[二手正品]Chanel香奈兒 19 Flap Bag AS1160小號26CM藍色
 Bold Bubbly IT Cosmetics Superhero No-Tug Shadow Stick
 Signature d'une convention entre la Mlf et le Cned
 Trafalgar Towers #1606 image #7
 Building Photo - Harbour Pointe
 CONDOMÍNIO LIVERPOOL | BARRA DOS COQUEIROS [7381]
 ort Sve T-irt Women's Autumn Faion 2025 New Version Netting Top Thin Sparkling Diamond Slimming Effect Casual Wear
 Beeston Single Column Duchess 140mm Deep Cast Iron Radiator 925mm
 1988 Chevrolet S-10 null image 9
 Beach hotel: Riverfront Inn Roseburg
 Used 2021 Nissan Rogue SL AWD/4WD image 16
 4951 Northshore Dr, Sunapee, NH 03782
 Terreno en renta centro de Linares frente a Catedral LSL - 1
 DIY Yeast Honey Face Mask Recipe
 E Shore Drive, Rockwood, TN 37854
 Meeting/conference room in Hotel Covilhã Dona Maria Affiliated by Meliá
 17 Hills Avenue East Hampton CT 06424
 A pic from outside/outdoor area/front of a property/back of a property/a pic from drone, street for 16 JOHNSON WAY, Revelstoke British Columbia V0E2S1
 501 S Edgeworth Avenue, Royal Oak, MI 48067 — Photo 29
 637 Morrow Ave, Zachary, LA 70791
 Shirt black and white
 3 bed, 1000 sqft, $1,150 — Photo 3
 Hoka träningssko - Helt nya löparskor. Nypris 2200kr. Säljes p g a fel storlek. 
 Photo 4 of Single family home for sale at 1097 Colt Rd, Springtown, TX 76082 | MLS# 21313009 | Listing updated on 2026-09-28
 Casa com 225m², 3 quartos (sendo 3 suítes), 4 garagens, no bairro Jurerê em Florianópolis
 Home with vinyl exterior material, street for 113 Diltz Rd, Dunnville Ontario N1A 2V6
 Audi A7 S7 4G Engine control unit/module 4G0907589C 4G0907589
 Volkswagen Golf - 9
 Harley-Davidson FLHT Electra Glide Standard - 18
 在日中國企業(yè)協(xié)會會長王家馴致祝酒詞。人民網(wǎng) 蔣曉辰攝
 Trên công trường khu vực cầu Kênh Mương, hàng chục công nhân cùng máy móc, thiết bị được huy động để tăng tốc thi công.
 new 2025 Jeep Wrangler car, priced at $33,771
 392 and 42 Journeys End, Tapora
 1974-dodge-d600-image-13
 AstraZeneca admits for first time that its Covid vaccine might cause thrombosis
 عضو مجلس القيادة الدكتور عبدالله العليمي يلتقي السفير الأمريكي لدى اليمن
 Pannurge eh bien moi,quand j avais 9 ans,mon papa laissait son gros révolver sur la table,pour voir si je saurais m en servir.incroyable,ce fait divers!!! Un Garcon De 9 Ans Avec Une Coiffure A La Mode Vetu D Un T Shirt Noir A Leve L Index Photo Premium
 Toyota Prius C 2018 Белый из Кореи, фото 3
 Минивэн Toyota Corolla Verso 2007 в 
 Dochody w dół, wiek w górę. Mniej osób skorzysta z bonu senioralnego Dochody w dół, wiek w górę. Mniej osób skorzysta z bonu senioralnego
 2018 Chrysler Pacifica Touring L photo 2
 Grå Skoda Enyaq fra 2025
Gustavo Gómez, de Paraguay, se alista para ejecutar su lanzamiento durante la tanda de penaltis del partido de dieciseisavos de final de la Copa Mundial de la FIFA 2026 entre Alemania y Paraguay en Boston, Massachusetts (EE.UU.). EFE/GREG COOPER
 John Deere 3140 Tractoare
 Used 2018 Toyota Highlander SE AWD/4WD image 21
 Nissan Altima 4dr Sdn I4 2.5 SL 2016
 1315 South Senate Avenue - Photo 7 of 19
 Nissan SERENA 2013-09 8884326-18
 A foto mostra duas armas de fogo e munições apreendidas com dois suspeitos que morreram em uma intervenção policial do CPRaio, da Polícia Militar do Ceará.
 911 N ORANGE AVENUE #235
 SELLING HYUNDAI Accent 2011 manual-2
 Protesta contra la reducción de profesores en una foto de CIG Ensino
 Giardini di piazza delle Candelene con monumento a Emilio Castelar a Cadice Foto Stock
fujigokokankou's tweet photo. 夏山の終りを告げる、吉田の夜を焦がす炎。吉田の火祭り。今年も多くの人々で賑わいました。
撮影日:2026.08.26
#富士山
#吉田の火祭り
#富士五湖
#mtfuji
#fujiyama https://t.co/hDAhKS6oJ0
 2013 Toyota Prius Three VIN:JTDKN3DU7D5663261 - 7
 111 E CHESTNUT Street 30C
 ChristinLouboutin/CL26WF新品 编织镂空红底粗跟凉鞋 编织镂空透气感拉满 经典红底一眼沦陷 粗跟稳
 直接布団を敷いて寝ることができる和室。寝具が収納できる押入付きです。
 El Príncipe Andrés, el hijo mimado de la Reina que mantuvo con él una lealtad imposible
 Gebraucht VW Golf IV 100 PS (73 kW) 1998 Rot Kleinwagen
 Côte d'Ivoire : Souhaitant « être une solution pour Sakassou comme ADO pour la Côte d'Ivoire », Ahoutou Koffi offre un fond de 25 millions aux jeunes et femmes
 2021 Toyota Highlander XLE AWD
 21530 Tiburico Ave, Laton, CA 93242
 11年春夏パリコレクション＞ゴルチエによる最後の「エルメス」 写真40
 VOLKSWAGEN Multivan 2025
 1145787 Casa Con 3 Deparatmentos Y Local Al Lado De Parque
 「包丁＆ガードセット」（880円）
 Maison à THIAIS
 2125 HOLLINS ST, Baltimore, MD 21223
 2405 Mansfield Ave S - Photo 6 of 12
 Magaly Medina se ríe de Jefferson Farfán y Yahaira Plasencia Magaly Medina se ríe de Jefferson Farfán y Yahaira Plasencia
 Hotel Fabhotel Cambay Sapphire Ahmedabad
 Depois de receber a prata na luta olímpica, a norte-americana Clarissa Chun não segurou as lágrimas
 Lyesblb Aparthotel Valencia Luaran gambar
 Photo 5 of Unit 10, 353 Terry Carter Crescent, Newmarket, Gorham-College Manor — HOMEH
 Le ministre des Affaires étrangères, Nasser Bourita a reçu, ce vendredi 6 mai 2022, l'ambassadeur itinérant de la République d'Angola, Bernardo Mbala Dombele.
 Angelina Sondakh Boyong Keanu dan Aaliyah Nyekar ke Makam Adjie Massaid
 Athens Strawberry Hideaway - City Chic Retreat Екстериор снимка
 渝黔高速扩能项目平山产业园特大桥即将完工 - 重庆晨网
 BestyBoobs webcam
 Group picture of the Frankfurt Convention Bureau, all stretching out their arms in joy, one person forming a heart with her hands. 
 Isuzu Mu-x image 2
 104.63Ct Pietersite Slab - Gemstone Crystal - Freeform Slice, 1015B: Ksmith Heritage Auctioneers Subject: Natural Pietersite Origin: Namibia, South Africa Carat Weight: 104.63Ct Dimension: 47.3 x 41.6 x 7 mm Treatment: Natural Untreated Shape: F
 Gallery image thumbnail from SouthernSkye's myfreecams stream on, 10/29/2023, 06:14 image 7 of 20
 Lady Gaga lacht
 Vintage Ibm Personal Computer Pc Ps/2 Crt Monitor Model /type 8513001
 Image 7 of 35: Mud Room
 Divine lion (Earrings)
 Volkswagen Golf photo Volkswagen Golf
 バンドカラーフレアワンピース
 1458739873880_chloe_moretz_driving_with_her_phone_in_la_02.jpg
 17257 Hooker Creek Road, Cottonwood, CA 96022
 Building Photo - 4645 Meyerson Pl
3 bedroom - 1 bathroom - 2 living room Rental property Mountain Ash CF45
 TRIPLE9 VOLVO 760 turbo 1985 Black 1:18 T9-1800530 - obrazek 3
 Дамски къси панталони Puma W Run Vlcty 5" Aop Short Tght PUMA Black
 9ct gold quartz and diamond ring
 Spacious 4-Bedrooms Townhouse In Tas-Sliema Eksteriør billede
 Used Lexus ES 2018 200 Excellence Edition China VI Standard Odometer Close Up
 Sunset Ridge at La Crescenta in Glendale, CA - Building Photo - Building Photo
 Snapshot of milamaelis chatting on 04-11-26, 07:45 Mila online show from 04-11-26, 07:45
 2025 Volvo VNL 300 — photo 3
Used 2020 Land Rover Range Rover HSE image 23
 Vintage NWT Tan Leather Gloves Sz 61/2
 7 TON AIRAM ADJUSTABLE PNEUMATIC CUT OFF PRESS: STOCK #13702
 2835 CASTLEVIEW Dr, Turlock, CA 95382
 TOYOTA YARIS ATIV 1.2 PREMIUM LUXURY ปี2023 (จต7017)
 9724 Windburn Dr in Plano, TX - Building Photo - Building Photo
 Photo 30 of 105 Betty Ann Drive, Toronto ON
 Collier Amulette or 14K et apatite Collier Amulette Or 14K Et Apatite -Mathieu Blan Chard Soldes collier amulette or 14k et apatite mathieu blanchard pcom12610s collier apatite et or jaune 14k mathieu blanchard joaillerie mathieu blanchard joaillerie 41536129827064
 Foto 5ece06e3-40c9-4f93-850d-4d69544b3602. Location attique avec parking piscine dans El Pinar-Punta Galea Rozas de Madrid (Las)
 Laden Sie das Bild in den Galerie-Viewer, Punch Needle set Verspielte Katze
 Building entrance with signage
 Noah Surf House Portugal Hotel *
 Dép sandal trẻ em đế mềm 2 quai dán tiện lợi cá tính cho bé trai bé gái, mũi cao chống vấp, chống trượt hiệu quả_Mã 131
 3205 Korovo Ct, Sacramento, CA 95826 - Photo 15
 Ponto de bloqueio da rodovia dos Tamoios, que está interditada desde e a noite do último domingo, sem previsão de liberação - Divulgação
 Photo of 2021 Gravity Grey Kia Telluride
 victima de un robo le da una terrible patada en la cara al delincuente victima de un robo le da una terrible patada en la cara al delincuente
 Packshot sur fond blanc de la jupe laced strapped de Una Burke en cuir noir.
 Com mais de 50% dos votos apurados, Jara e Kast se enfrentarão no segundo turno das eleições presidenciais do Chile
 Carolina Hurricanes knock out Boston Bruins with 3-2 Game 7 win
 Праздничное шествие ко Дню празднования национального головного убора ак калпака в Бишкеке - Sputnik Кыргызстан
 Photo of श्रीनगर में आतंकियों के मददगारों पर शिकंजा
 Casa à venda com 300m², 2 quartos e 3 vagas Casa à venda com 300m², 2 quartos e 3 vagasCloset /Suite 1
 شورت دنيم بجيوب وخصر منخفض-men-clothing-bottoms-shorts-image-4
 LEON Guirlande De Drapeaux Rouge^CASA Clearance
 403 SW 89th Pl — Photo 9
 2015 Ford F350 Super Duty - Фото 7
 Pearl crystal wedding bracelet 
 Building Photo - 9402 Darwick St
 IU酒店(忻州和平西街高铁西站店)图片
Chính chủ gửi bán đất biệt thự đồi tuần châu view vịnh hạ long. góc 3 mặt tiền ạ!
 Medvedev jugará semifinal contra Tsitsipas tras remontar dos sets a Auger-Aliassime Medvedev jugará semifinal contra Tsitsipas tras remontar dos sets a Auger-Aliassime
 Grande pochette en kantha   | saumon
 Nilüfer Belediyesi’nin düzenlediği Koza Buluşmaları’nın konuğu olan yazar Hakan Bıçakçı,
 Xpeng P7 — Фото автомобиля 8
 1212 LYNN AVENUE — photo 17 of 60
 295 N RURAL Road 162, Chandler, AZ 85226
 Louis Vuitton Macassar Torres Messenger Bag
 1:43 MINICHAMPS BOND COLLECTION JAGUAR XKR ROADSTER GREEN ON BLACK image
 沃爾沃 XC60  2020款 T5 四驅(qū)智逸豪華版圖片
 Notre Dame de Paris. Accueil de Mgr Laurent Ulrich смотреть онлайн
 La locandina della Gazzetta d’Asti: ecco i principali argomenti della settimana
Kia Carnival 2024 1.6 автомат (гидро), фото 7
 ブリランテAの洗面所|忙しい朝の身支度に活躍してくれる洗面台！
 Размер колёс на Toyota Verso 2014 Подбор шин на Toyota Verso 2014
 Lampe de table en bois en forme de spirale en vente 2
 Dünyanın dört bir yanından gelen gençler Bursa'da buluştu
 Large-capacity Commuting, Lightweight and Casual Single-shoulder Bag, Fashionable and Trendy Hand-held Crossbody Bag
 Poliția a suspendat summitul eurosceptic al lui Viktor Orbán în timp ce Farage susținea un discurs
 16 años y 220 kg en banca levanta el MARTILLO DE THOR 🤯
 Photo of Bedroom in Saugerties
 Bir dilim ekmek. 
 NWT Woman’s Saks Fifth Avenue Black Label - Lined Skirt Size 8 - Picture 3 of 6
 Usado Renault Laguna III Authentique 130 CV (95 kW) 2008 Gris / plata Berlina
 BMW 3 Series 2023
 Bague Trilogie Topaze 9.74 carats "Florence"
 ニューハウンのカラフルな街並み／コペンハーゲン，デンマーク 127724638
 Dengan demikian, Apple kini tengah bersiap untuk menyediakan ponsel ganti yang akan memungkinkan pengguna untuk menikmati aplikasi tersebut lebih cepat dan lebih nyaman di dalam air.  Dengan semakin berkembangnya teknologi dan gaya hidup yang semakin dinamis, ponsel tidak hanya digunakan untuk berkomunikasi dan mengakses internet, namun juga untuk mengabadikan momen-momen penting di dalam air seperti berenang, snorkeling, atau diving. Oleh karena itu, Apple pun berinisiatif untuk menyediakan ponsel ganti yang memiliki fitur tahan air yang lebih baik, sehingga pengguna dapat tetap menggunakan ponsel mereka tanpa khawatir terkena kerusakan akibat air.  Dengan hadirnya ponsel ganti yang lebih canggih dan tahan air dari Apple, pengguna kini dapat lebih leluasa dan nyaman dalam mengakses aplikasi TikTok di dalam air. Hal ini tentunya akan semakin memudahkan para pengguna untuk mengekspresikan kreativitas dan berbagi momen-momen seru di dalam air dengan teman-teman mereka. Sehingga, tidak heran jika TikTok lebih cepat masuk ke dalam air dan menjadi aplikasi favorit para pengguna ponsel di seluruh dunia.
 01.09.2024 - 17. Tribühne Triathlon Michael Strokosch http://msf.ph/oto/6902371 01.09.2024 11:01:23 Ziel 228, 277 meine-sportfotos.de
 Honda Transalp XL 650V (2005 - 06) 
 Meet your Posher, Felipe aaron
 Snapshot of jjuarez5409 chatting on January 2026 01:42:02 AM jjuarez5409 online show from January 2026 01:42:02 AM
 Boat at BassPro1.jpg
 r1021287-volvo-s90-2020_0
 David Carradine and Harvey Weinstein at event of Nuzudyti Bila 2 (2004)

*Task to complete*: When you reach the line that contains "AstraZeneca admits for", stop; output it and every line before it from the start of the data, exactly as written.

*Response area*:
[二手正品]Chanel香奈兒 19 Flap Bag AS1160小號26CM藍色
 Bold Bubbly IT Cosmetics Superhero No-Tug Shadow Stick
 Signature d'une convention entre la Mlf et le Cned
 Trafalgar Towers #1606 image #7
 Building Photo - Harbour Pointe
 CONDOMÍNIO LIVERPOOL | BARRA DOS COQUEIROS [7381]
 ort Sve T-irt Women's Autumn Faion 2025 New Version Netting Top Thin Sparkling Diamond Slimming Effect Casual Wear
 Beeston Single Column Duchess 140mm Deep Cast Iron Radiator 925mm
 1988 Chevrolet S-10 null image 9
 Beach hotel: Riverfront Inn Roseburg
 Used 2021 Nissan Rogue SL AWD/4WD image 16
 4951 Northshore Dr, Sunapee, NH 03782
 Terreno en renta centro de Linares frente a Catedral LSL - 1
 DIY Yeast Honey Face Mask Recipe
 E Shore Drive, Rockwood, TN 37854
 Meeting/conference room in Hotel Covilhã Dona Maria Affiliated by Meliá
 17 Hills Avenue East Hampton CT 06424
 A pic from outside/outdoor area/front of a property/back of a property/a pic from drone, street for 16 JOHNSON WAY, Revelstoke British Columbia V0E2S1
 501 S Edgeworth Avenue, Royal Oak, MI 48067 — Photo 29
 637 Morrow Ave, Zachary, LA 70791
 Shirt black and white
 3 bed, 1000 sqft, $1,150 — Photo 3
 Hoka träningssko - Helt nya löparskor. Nypris 2200kr. Säljes p g a fel storlek. 
 Photo 4 of Single family home for sale at 1097 Colt Rd, Springtown, TX 76082 | MLS# 21313009 | Listing updated on 2026-09-28
 Casa com 225m², 3 quartos (sendo 3 suítes), 4 garagens, no bairro Jurerê em Florianópolis
 Home with vinyl exterior material, street for 113 Diltz Rd, Dunnville Ontario N1A 2V6
 Audi A7 S7 4G Engine control unit/module 4G0907589C 4G0907589
 Volkswagen Golf - 9
 Harley-Davidson FLHT Electra Glide Standard - 18
 在日中國企業(yè)協(xié)會會長王家馴致祝酒詞。人民網(wǎng) 蔣曉辰攝
 Trên công trường khu vực cầu Kênh Mương, hàng chục công nhân cùng máy móc, thiết bị được huy động để tăng tốc thi công.
 new 2025 Jeep Wrangler car, priced at $33,771
 392 and 42 Journeys End, Tapora
 1974-dodge-d600-image-13
 AstraZeneca admits for first time that its Covid vaccine might cause thrombosis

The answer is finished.